- 2 cups all-purpose flour
- 3 teaspoons sugar
- 1 cup (2 sticks) Challenge Butter, cut into ½-inch cubes
- 1 (8 oz) package Challenge Cream Cheese
- 1 cup pecans or walnuts, finely chopped
- ¼ cup sugar
- ¼ cup brown sugar
- ¾ teaspoon cinnamon
- 1 egg white beaten with 1 Tablespoon water for brushing dough
- 1 Tablespoon sugar, for sprinkling on top of spirals
1If using a food processor combine flour and sugar, add butter and cream cheese and pulse until mixture just comes together. (If using an electric mixer or mixing by hand, have butter and cream butter at room temperature. Cream butter, cream cheese and sugar then cut in flour until just incorporated.)

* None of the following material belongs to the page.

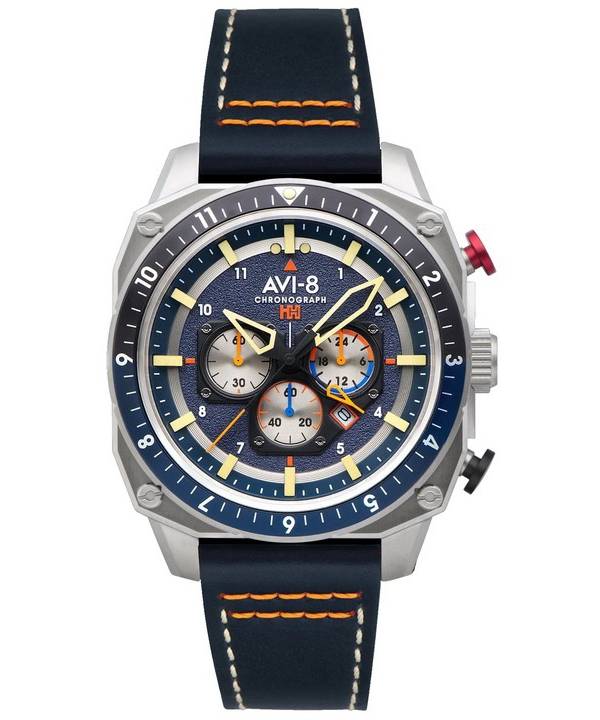 AVI-8 Hawker Hunter Atlas Dual Time Chronograph Pavillion Blue Quartz AV-4100-02 miesten kello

2Gather mixture into a ball, divide in half, and flatten each portion into a disk. Wrap in plastic wrap and refrigerate for at least 30 minutes.
3Mix together nuts, sugars and cinnamon for the filling and set aside.
4Preheat oven to 350° F. Lightly butter 2 large cookie sheets.
5Working with one disc of dough at a time, roll dough out, on a lightly floured surface, into a circle that is about 11-inches in diameter. Use a dinner plate (10½- inch) as a guide and trim the circle ¼ -inch outside the plate edge.
6Brush the dough with the egg white mixture and sprinkle with half the filling mixture.
7Cut the dough circle into 16 wedges. (Cut into quarters and then cut each quarter into 4 sections.)
8Starting from the outside portion each wedge, roll up each portion to form a spiral.
9Place spirals on prepared cookie sheet. Brush spirals with egg white mixture and sprinkle with sugar.
10Repeat with second dough disk.
11Bake 15-20 minutes or until golden brown.